Nouvelle démission d’un ministre soupçonné de corruption

Un de plus ! Soupçonné de corruption, le ministre du Commerce et de l’Industrie, Martin Kocourek, a démissionné de ses fonctions mercredi. Il est ainsi devenu le sixième ministre et le troisième membre du Parti civique démocrate (ODS), principale formation de la coalition, à quitter prématurément un gouvernement qui a fait de la lutte contre la corruption une de ses priorités.

Martin Kocourek, photo: CTKMartin Kocourek, photo: CTK C’est une somme de 16 millions de couronnes (640 000 euros) se trouvant sur le compte bancaire de sa mère qui a coûté sa place à Martin Kocourek. Le scandale a éclaté vendredi dernier, suite à la publication dans la presse de documents démontrant que la mère du ministre avait signé, en 2008, un contrat avec une société d’investissement, signature à la suite de laquelle étaient apparues sur son compte, une semaine plus tard, des obligations d’une valeur de 16 millions. Trois mois plus tard, l’ordre était donné de vendre ces obligations. Selon les documents publiés, l’argent qui aurait permis l’achat des titres provenait d’une société siégeant au Nouveau-Mexique, aux Etats-Unis. Forcément, Martin Kocourek a été aussitôt soupçonné d’être impliqué dans une affaire de corruption.
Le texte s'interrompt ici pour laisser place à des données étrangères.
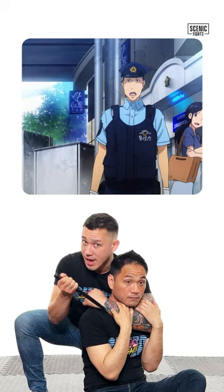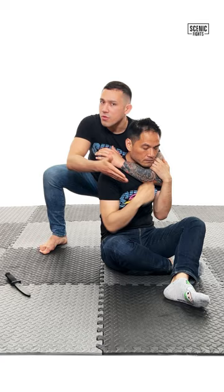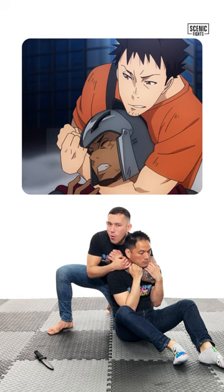The problem is, Itami is not really controlling the soldier well. If you notice, there is nothing controlling the lower half of his opponent. Therefore, there's nothing stopping the soldier from just trying to stand up, go to his knees, and create a scramble like this.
Mercredi après-midi, le ministre a donné sa version des faits lors d’une conférence de presse spéciale au cours de laquelle il est apparu très nerveux et très hésitant :

« Il s’agit en partie d’argent qui appartenait à ma famille. C’est-à-dire qu’il y avait de l’argent de ma mère, de l’argent en rapport avec mon passé, concrètement provenant de mon accident, et il y avait aussi de l’argent qui était le fruit de mes économies et de mes affaires. »

Après avoir démenti l’information selon laquelle cette somme d’argent aurait un rapport avec ses anciennes fonctions au sein du conseil de surveillance de ČEZ, la société nationale de production et de distribution d’électricité, Martin Kocourek a déclaré avoir réalisé ces transactions afin, selon ses propres termes, de « détourner » la somme de 16 millions de son épouse dont il a divorcé en 2008. Lors de cette même conférence de presse, Martin Kocourek affirmait qu’il n’entendait pas abandonner son fauteuil de ministre. Mais dans la soirée, le Premier ministre, Petr Nečas, après avoir qualifié les démarches de Martin Kocourek de « malheureuses » tout en précisant qu’il ne voyait aucune suspicion de corruption dans cette affaire, annonçait avoir accepté sa démission. Ministre de la Justice et vice-président du Parti civique démocrate, Jiří Pospíšil justifie la position du chef du gouvernement :

Jiří PospíšilJiří Pospíšil « Il y aurait eu un problème si l’affaire avait duré plusieurs semaines et si Martin Kocourek n’avait pas donné d’explications. Or, le Premier ministre lui a laissé quelques jours pour rassembler ses arguments. Je pense que c’est une démarche adéquate. Aujourd’hui, il est apparu que son argumentation était difficilement utilisable. Ses explications selon lesquelles il s’agit de biens appartenant à sa famille qu’il voulait détourner de sa femme ne sont effectivement pas très heureuses, et c’est pourquoi il a démissionné. Mais l’essentiel est qu’une explication ait été donnée, qu’une décision ait été prise et que l’affaire n’ait pas traîné. »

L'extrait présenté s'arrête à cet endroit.